Source data: Begin

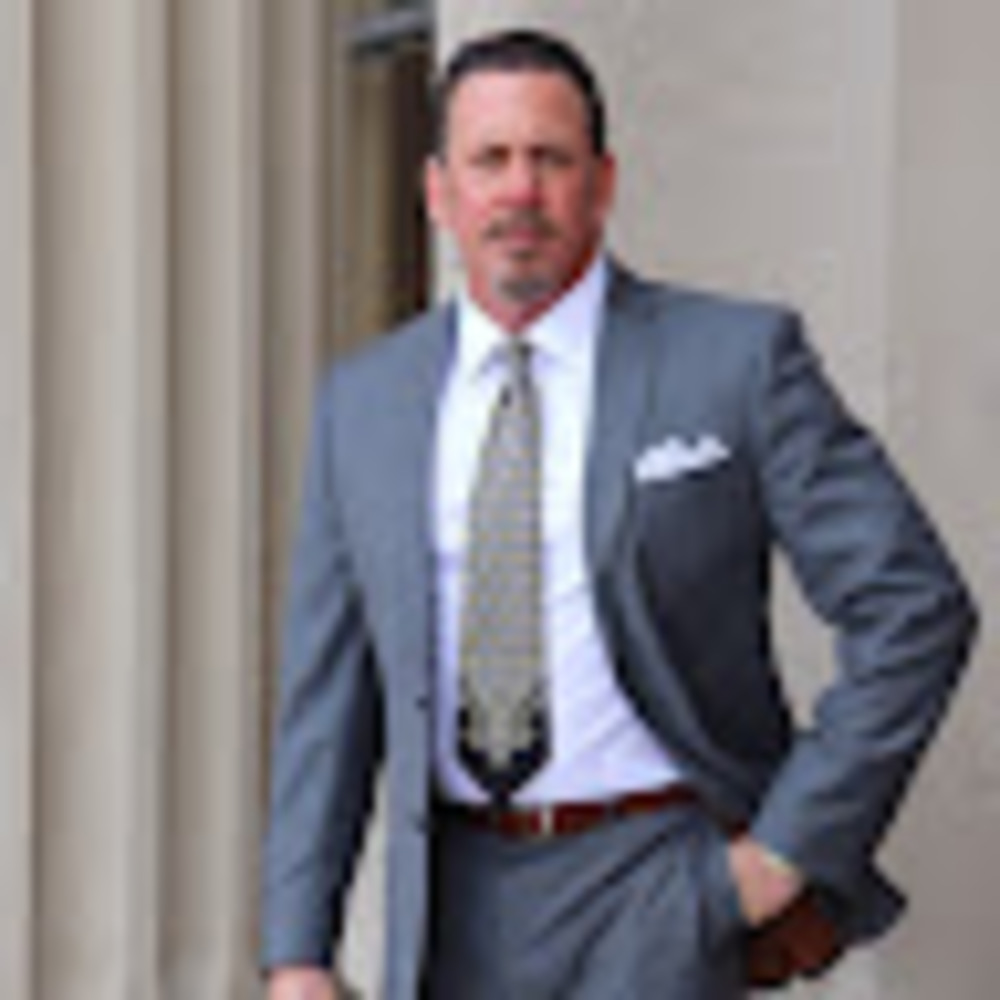 Meet your Posher, Tom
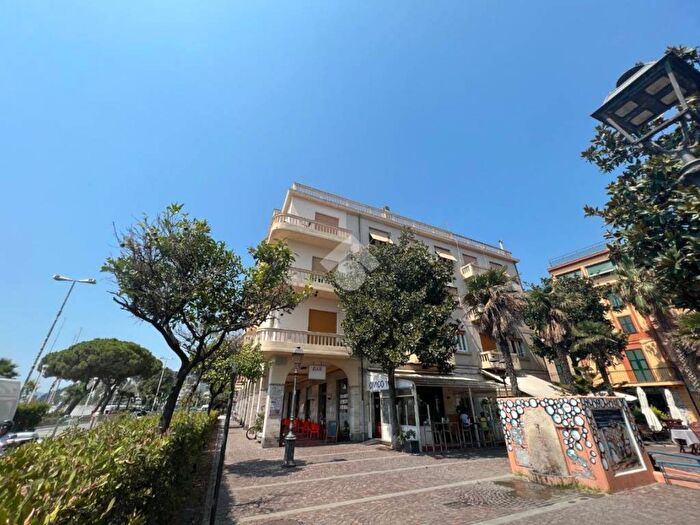 Appartamento con 5 locali in vendita in Piazza dei Leuti, Albissola Marina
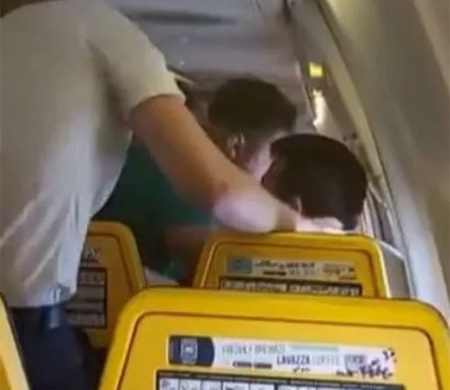 Uçakta şoke eden anlar! Sarhoş yolcu başka bir yolcuyu yaraladı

Source data: End

What needs to be done
Print the entire listing above verbatim. No picture should be included.

Task solution
 Meet your Posher, Tom
 Appartamento con 5 locali in vendita in Piazza dei Leuti, Albissola Marina
 Uçakta şoke eden anlar! Sarhoş yolcu başka bir yolcuyu yaraladı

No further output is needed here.